This is the mail archive of the
libc-alpha@sourceware.org
mailing list for the glibc project.
Re: [PATCH] powerpc: New feature - HWCAP/HWCAP2 bits in the TCB
- From: Steven Munroe <munroesj at linux dot vnet dot ibm dot com>
- To: Rich Felker <dalias at libc dot org>
- Cc: Szabolcs Nagy <szabolcs dot nagy at arm dot com>, Carlos Eduardo Seo <cseo at linux dot vnet dot ibm dot com>, GLIBC Devel <libc-alpha at sourceware dot org>, Steve Munroe <sjmunroe at us dot ibm dot com>
- Date: Tue, 09 Jun 2015 13:43:09 -0500
- Subject: Re: [PATCH] powerpc: New feature - HWCAP/HWCAP2 bits in the TCB
- Authentication-results: sourceware.org; auth=none
- References: <55760314 dot 6070601 at linux dot vnet dot ibm dot com> <5576FC80 dot 1090806 at arm dot com> <1433862393 dot 21101 dot 9 dot camel at sjmunroe-ThinkPad-W500> <55770ABA dot 1010205 at arm dot com> <20150609165018 dot GK17573 at brightrain dot aerifal dot cx> <1433871424 dot 21101 dot 44 dot camel at sjmunroe-ThinkPad-W500> <20150609174202 dot GL17573 at brightrain dot aerifal dot cx>
- Reply-to: munroesj at linux dot vnet dot ibm dot com
On Tue, 2015-06-09 at 13:42 -0400, Rich Felker wrote:
> On Tue, Jun 09, 2015 at 12:37:04PM -0500, Steven Munroe wrote:
> > On Tue, 2015-06-09 at 12:50 -0400, Rich Felker wrote:
> > > On Tue, Jun 09, 2015 at 04:48:10PM +0100, Szabolcs Nagy wrote:
> > > > >> if hwcap is useful abi between compiler and libc
> > > > >> then why is this done in a powerpc specific way?
> > > > >
> > > > > Other platform are free use this technique.
> > > >
> > > > i think this is not a sustainable approach for
> > > > compiler abi extensions.
> > > >
> > > > (it means juggling with magic offsets on the order
> > > > of compilers * libcs * targets).
> > > >
> > > > unfortunately accessing the ssp canary is already
> > > > broken this way, i'm not sure what's a better abi,
> > > > but it's probably worth thinking about one before
> > > > the tcb code gets too messy.
> > >
> > > For the canary I think it makes sense, even though it's ugly -- the
> > > compiler has to generate a reference in every single function (for
> > > 'all' mode, or just most non-trivial functions in 'strong' mode).

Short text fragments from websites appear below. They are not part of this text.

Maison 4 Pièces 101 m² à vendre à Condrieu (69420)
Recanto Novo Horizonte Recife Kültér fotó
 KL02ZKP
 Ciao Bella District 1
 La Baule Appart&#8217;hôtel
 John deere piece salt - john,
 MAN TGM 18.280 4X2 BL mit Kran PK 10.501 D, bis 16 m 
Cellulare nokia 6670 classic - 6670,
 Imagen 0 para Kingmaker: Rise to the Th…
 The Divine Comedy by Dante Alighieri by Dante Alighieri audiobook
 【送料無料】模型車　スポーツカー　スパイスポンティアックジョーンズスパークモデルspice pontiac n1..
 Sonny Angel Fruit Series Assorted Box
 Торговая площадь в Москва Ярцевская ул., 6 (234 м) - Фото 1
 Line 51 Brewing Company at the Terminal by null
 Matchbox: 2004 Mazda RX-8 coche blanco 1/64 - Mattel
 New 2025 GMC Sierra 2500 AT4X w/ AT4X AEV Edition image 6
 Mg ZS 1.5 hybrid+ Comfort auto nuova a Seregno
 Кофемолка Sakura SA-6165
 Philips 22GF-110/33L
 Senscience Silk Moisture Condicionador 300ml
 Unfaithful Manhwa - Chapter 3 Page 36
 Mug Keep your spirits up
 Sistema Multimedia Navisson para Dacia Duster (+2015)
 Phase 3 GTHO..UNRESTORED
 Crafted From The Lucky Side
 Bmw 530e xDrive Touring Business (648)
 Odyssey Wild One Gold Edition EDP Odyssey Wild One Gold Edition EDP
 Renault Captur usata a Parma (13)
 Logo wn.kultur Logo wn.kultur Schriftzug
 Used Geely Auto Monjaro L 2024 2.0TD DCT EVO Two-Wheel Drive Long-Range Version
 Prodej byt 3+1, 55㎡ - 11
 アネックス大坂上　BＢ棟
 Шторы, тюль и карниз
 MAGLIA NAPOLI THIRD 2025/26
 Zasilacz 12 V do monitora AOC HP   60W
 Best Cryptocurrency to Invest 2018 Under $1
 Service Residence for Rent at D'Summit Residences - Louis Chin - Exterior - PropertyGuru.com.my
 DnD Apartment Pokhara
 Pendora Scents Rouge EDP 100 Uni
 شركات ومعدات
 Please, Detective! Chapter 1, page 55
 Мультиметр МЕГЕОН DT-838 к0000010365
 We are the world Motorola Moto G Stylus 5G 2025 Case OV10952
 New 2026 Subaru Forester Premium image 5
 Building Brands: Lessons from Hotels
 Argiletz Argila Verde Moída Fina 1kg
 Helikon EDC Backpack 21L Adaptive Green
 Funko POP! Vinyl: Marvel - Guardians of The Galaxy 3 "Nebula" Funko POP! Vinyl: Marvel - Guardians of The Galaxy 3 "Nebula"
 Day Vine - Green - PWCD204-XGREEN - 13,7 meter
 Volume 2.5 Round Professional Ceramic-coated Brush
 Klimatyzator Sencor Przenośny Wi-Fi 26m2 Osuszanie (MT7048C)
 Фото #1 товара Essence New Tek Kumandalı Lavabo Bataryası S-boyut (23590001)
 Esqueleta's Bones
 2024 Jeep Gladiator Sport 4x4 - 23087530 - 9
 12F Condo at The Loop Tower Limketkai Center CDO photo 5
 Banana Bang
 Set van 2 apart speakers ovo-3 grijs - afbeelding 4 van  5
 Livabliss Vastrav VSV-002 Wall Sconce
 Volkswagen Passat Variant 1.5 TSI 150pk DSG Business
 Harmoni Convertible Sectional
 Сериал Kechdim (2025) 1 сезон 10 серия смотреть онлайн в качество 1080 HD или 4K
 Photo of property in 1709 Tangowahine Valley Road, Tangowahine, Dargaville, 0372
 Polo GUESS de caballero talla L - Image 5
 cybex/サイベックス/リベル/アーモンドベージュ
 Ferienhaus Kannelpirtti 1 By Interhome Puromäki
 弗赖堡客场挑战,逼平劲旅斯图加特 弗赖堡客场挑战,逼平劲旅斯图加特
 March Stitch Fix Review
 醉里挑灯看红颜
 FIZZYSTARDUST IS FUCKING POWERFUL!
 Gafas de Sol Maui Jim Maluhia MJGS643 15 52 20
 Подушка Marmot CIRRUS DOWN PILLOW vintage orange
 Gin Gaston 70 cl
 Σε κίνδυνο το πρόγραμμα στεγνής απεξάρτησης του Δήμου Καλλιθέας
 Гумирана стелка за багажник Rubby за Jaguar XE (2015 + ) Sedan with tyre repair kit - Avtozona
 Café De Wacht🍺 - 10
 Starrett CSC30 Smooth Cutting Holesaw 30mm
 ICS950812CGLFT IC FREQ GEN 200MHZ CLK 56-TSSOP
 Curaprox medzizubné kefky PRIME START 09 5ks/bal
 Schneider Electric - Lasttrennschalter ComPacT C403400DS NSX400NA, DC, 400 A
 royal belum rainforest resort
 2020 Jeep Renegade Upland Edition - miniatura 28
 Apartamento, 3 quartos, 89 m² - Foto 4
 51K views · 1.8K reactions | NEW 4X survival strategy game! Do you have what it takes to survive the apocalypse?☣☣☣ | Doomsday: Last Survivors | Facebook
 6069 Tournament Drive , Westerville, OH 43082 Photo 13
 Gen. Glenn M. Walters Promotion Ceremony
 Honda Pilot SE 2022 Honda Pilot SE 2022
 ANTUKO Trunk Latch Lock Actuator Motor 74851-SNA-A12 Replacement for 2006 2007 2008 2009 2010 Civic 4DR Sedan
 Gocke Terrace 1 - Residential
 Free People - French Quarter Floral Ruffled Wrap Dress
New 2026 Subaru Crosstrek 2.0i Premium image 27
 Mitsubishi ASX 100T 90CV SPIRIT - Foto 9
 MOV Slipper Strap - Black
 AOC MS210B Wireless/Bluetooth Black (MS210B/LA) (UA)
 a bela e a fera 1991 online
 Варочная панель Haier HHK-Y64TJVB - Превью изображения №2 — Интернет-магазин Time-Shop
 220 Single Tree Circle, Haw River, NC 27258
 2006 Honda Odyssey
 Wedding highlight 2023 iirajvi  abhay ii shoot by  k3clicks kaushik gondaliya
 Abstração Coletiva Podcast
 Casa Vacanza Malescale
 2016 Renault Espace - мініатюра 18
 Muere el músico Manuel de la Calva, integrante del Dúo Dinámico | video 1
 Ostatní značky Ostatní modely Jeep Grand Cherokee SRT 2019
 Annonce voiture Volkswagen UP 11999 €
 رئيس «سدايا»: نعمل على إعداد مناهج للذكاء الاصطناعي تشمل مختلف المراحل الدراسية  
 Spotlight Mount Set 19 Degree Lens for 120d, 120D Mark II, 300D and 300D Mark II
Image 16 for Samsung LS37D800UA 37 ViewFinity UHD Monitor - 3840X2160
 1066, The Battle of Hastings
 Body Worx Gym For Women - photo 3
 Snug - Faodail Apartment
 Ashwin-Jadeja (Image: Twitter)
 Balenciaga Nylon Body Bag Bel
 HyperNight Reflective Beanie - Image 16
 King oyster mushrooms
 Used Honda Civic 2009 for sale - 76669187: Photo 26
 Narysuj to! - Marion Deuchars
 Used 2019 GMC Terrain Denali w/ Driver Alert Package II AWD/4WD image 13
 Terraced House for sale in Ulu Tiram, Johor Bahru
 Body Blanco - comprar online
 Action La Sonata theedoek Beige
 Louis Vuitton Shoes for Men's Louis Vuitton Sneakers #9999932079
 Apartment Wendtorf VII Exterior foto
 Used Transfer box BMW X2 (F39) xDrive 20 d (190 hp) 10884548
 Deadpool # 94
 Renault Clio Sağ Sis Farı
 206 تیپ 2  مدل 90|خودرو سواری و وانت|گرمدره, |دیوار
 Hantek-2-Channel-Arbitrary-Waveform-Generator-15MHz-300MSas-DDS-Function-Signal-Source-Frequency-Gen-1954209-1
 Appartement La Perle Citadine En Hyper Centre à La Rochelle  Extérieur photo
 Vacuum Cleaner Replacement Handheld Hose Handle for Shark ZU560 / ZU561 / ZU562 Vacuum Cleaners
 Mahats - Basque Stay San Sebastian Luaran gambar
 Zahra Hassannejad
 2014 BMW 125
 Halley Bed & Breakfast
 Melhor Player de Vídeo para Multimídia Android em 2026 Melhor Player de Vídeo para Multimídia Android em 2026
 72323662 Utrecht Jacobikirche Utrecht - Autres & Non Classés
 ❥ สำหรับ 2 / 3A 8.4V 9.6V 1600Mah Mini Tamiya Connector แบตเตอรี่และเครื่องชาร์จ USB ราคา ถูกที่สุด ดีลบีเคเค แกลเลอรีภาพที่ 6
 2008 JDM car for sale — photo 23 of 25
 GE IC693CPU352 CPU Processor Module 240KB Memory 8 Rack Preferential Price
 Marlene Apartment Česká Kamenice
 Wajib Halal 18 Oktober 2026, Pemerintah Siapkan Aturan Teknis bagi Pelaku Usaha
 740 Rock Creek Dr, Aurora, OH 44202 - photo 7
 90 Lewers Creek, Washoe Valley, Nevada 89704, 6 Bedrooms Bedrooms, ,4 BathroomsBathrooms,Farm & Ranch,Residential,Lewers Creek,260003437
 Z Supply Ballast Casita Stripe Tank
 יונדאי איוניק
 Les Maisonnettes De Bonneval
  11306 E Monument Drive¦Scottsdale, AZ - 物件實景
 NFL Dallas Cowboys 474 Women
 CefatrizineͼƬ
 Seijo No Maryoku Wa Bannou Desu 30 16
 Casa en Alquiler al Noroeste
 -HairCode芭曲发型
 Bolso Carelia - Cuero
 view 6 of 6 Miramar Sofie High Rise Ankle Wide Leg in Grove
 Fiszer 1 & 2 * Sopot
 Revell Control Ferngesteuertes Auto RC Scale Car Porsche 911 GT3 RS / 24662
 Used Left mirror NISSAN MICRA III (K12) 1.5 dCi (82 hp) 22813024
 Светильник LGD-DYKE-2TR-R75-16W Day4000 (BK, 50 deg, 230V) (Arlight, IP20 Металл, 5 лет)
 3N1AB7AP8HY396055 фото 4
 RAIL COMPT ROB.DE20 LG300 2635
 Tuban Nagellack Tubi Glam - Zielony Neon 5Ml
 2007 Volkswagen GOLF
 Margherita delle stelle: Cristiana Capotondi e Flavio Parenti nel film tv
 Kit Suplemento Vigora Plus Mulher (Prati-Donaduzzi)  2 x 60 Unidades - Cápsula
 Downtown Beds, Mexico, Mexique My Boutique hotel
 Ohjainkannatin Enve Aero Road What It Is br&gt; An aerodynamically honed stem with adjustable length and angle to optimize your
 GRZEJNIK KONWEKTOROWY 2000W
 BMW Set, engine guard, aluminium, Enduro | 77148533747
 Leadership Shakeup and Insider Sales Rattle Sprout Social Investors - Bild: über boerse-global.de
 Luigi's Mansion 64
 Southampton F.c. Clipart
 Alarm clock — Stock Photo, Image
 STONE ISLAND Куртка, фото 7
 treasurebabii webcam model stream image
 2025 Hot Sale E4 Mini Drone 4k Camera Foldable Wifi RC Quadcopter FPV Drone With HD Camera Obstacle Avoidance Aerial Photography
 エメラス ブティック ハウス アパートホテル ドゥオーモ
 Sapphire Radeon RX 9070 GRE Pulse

> > > That's much different from a feature (hwcap) that should only be used
> > > at init-time and where, even if programmers did abuse it and use it
> > > over and over at runtime, it's only going to be a small constant
> > > overhead in a presumably medium to large sized function, and the cost
> > > is only the need to setup the GOT register and load from the GOT,
> > > anyway.
> >
> > You are entitled to you own opinion but you are not accounting for the
> > aggressive out of order execution the POWER processors and specifics of
> > the PowerISA. In the time it take to load indirect via the TOC (4 cycles
> > minimum) compare/branch we could have executed 12-16 useful
> > instructions.
> >
> > Any indirection exposes the sequences to hazards (like cache miss) which
> > only make things worse.
> >
> > As stated before I have thought about this and understand the options in
> > the context of the PowerISA, POWER micro-architecture, and the PowerPC
> > ABIs. This information is publicly available (if a little hard to find)
> > but I doubt you have taken the time to study it in detail, if at all.
> >
> > I suspect you base your opinion on other architectures and hardware
> > implementations that do not apply to this situation.
>
> That's nice but all theoretical. I've seen countless such theoretical
> claims from people who are coming from a standpoint of the vendor
> manuals for the ISA they're working with, and more often than not,
> they don't translate into measurable benefits. (I've been guilty of
> this myself too, going to great lengths to tweak x86 codegen or even
> write the asm by hand, only to find the resulting code to run the
> exact same speed.) Creating a permanent ABI is an extremely high cost,
> and unless you can justify the cost with actual measurements and a
> reason to believe those measurements have anything to do with
> real-world usage needs, I believe it's an unjustified cost.
>
This is not theory, I am thinking at the level of pipeline cycle timing
for P7/P8. I have been at this so long I can do this in my head.
Now experience does tell me that adding an indirection and the
associated exposure to cache miss hazard can mean the the performance
optimization gets lost in the hazard when it is measured.
I have been to this movie, I don't need to see it again.